Following on the heels of last week's adoption of changes to state-level retirement benefits - raising the retirement age and limiting pensions for new hires, as well as requiring workers to pay significantly more for their own future benefits - Los Angeles City Council has begun its own campaign to reform retirement benefits for city workers.

On Tuesday, Los Angeles leaders presented their plans to set the city retirement age at 65 and penalize employees who retire at an earlier age. According to the Los Angeles Times, the plan would also ask employees to contribute more if the existing retirement fund suffers major investment losses - as most pension systems have in recent years.

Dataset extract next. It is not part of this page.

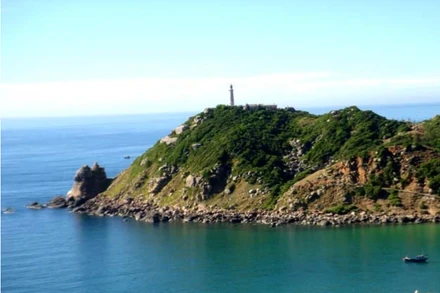 Khu vực danh thắng quốc gia Bãi Môn-Mũi Điện, thị xã Đông Hòa, Phú Yên.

The changes would not apply to workers hired before July 1 or to firefighters or police officers. Officials say the changes could save the city up to $70 million in the next half-decade and almost $5 billion over the next 30 years.

Employee unions, predictably, have responded negatively to this, the most recent move in a summer's worth of state-wide pension and retirement benefit battles - similar proposals were introduced and passed by voters in both San Jose and San Diego, and are also being contested by municipal employee unions.

"We'll take whatever action necessary to enforce our rights, even if it means going to court," Bob Schoonover, president of L.A.'s Service Employees International Union Local 721, told the Times. He called the proposal "more of a political move than a financial move" and suggested legal action was imminent.

City officials say that since the changes will only affect new employees, they don't put much weight on the legal threats.

"I don't think that their membership cares, quite frankly. This is all about people who don't work for the city today," Los Angeles CAO Miguel Santana told the Times.

Other changes included in the proposal would deny health care benefits to spouses of retired city workers, as well as changing the formula for pensions, basing it on the last three years' worth of pay, not just the final year.